Il 2020 è stato l’anno più caldo della storia. Contende il primato al 2016, ma con la concomitanza di due fenomeni che possono averlo influenzato, in entrambe le direzioni. Gli incendi in Australia e in California hanno offuscato l’atmosfera, schermandola dall”irraggimaneto solare. Nel contempo, però, il lock down da Covid 19, riducendo traffico e scarichi industriali, ha contenuto le emissioni di particolato rendendo l’atmosfera più permeabile agli stessi raggi solari.
Più 1,02 gradi dal 1980, più 1,2 dall’800
Stabilire quale dei due effetti sia stato prevalente richiederà ulteriori approfondimenti. Fatto sta che anche il report della Nasa, dopo quello del programma europeo Copernico, ha stabilito che la temperatura media della superficie terrestre ha superato di 1,02 gradi la media del periodo di riferimento 1951-1980. E ha superato di 1,2 gradi la temperatura dell’era pre industriale, alla fine del 19esimo secolo. Sono misure praticamente identiche a quelle del 2016, sin qui considerato l’anno più caldo da quando si effettuano rilevazioni scientifiche.
Gli esperti del Goddard Institute for Space Studies (GISS) di New York che hanno rielaborato i dati, affermano che la differenza statistica fra i due anni è minima. Si conferma però un trend di lungo periodo assolutamente allarmante. Gli ultimi sette anni sono stati i più caldi mai registrati e ciò conferma la drammatica tendenza al riscaldamento climatico. Nel 2016 fu il vento caldo El Nino a giustificare l’anomalia. Quest’anno, in assenza di una fenomeno globale così impattante, la tendenza sembra ancor più preoccupante, affermano gli scienziati americani.

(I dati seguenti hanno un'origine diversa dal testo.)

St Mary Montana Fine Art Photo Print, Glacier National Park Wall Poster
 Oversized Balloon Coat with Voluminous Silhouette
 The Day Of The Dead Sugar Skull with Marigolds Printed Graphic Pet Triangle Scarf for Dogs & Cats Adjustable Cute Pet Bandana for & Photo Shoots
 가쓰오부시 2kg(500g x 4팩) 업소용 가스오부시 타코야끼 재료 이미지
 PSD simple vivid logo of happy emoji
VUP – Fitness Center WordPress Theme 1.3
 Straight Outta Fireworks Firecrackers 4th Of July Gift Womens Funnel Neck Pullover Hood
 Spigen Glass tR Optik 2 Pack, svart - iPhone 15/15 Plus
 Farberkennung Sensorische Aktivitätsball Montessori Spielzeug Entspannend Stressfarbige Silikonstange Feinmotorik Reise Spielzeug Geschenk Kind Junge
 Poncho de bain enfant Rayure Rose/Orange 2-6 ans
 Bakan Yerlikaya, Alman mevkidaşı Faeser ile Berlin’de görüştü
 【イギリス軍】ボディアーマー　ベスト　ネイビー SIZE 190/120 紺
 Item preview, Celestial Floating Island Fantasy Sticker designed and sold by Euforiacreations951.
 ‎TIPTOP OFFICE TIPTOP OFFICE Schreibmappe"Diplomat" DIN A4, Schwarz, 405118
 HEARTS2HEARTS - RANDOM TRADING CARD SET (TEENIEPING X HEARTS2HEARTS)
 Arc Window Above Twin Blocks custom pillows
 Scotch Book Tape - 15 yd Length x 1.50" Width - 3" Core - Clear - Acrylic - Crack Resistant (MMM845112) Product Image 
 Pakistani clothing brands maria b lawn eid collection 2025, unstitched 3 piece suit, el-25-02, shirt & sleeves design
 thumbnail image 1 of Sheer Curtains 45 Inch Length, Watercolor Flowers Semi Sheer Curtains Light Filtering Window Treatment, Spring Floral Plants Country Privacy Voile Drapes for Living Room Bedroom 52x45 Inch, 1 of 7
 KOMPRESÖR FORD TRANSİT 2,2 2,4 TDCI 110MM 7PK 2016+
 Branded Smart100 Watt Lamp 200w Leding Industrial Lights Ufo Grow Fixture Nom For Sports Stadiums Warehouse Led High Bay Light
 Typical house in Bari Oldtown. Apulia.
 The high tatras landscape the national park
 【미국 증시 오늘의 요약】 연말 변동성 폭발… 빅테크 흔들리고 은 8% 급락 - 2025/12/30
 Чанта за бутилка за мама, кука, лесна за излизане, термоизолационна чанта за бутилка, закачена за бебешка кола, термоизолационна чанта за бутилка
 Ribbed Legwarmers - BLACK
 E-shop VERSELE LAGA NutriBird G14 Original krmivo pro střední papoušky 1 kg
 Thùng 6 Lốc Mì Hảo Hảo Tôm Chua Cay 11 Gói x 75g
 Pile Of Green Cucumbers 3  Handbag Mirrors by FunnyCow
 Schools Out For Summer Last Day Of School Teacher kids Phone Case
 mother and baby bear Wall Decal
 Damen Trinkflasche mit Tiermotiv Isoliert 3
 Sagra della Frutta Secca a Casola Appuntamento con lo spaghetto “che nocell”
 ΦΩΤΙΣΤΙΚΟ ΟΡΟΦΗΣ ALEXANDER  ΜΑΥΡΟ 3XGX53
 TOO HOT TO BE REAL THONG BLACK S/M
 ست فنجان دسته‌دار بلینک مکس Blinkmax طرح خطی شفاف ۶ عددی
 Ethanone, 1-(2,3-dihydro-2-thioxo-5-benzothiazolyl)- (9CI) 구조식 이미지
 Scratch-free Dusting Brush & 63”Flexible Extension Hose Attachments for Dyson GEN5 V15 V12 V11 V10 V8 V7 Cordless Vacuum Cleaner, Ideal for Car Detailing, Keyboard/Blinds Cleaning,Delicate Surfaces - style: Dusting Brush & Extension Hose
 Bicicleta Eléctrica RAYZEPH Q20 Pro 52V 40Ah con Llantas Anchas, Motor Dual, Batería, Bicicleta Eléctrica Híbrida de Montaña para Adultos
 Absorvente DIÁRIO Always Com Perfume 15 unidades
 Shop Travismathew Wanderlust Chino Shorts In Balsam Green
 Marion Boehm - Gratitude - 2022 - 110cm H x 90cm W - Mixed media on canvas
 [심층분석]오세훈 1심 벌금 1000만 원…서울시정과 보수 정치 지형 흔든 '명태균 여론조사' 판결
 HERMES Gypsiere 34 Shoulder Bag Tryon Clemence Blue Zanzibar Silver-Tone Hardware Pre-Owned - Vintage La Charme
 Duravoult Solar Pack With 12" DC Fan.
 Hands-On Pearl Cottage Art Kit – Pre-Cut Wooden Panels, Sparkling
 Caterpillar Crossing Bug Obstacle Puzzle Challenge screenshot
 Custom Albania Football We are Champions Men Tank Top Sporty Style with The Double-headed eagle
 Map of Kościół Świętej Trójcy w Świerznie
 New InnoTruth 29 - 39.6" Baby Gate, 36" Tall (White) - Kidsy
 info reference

L’impennata della CO2 in atmosfera
Del resto, nonostante sia diminuita del 7% circa, sempre per il Covid, l’emissione globale di gas serra CO2 equivalenti, la loro concentrazione in atmosfera è ulteriormente cresciuta. Il picco di 417,9 parti per milione (ppm) è stato toccato in giugno.
Incendo e lock down, effetti opposti
Tornando ai due fenomeni descritti all’inizio, gli scienziati americani fanno notare che gli incendi della prima metà del 2020 hanno prodotto così tanto fumo da ridurre la radiazione solare e raffreddare leggermente l’atmosfera. Al contrario, i vari lock down dalla pandemia hanno ridotto il particolato atmosferico, permettendo a una maggiore quantità di raggi solari di raggiungere la Terra. Ciò avrebbe determinato un riscaldamento piccolo ma potenzialmente significativo.
Questi primi dati saranno validati dall’IPCC, il massimo organismo scientifico internazionale promosso dall’Onu, e saranno la base per il vertice COP 26 di Glagow in programma per fine anno.
L’uomo della Nasa: possiamo evitare il disastro
In una recente interista il direttore del GISS Gavin Schmidt ha affermato che «se decidiamo di bruciare tutti i combustibili fossili che possiamo trovare, potremmo raggiungere 900 ppm entro la fine del secolo». E ha aggiunto che «la sensibilità climatica ci dice cosa possiamo aspettarci in termini di temperatura: tra un altro 1 o 2 gradi Celsius in più per lo scenario migliore, che sarebbe molto grave, e tra 4 e 7 gradi per lo scenario peggiore, che sarebbe il disastro». Ma con un’ aggressiva lotta alle emissioni di Co2, come prevista dall’Accordo di Parigi, è ancora possibile restare sotto i 500 ppm. «La sensibilità al clima non è così bassa da poterla ignorare, né è così alta da dover disperare. In definitiva, mentre il cambiamento climatico prodotto dall’uomo è (e continuerà a essere) un problema, le nostre azioni come società possono cambiare quella traiettoria».